# AWS SageMaker Profiler Example

This notebook will walk you through creating a training job with the profiler feature enabled.

# 1. Install Dependencies


### SageMaker Python SDK and `smdebug`

The first thing you will need to do is install the private beta versions of the SageMaker Python SDK and the `smdebug` library. This will enable you to call a private version of the API that allows you to create SageMaker training jobs with the profiler enabled.

In [None]:
! pip install ../sdk/sagemaker-1.60.3.dev0.tar.gz -q
! pip install ../sdk/smdebug-0.8.0b20200622-py3-none-any.whl

# The following command will enable the SDK to use new profiler configs in the API
! aws configure add-model --service-model file://../sdk/sagemaker-2017-07-24.normal.json --service-name sagemaker

If you run this notebook in Jupyterlab and not Jupyter, you need to install the jupyterlab extensions 
`@jupyter-widgets/jupyterlab-manager` and `@bokeh/jupyter_bokeh`. We provide a [SageMaker Lifecycle configuration](lifecycle_config/on_start.sh) that automatically installs these extensions when your notebook instance is started. Check out [this blog](https://aws.amazon.com/blogs/machine-learning/customize-your-amazon-sagemaker-notebook-instances-with-lifecycle-configurations-and-the-option-to-disable-internet-access/) for how to create and attach a Lifecycle configuration to your notebook instance.
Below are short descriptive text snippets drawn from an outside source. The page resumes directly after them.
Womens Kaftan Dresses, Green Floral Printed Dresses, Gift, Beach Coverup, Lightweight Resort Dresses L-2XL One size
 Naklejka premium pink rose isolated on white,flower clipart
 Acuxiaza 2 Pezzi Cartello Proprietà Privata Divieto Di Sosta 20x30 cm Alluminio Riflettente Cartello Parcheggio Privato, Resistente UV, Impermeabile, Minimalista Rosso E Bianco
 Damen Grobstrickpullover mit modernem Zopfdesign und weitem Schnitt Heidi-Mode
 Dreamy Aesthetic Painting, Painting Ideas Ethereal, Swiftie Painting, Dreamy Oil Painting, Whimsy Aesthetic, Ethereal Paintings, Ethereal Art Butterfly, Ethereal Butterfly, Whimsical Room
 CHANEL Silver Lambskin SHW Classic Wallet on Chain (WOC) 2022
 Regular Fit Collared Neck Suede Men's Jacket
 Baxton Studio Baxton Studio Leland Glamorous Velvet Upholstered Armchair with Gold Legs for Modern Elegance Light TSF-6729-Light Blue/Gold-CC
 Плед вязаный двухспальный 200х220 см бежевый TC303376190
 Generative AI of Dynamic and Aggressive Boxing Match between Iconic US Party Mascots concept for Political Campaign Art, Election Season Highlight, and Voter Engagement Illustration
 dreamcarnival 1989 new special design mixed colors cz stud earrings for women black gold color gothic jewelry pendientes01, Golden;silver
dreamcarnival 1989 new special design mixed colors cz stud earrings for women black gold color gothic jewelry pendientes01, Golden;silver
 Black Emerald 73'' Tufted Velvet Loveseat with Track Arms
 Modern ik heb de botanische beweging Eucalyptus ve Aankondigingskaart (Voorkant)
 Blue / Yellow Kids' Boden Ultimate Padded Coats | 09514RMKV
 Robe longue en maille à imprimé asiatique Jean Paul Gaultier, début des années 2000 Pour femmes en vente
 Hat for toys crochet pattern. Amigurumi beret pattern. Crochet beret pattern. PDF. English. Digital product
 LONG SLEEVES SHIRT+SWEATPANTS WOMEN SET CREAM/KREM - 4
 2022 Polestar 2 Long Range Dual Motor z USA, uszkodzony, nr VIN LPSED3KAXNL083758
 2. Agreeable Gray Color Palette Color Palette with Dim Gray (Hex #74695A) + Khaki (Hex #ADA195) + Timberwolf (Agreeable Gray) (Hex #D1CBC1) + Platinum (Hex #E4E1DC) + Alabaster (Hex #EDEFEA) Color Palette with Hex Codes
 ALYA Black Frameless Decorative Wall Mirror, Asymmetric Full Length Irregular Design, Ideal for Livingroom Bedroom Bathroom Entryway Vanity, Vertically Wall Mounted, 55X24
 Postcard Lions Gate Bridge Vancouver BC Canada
# 2. Create A Training Job With Profiling Enabled

You will use the standard [SageMaker Estimator API for Tensorflow](https://sagemaker.readthedocs.io/en/stable/frameworks/tensorflow/sagemaker.tensorflow.html#tensorflow-estimator) to create training jobs. To create a training job with the profiler enabled, all you need to do is create a `ProfilerConfig` object and pass it into the `profiler_config` parameter of an `Estimator`.

### Define an Estimator

We define some hyperparameters such as number of epochs, batch size and enable data augmentation. You can increase batch size which leads to higher system utilization but may introduce a CPU bottlneck since data preprocessing and augmentation is very compute heavy. Larger batch size means more data has to be preprocessed more quickly. Alternatively, you can disable data_augmentation to see the impact on the system utilization. 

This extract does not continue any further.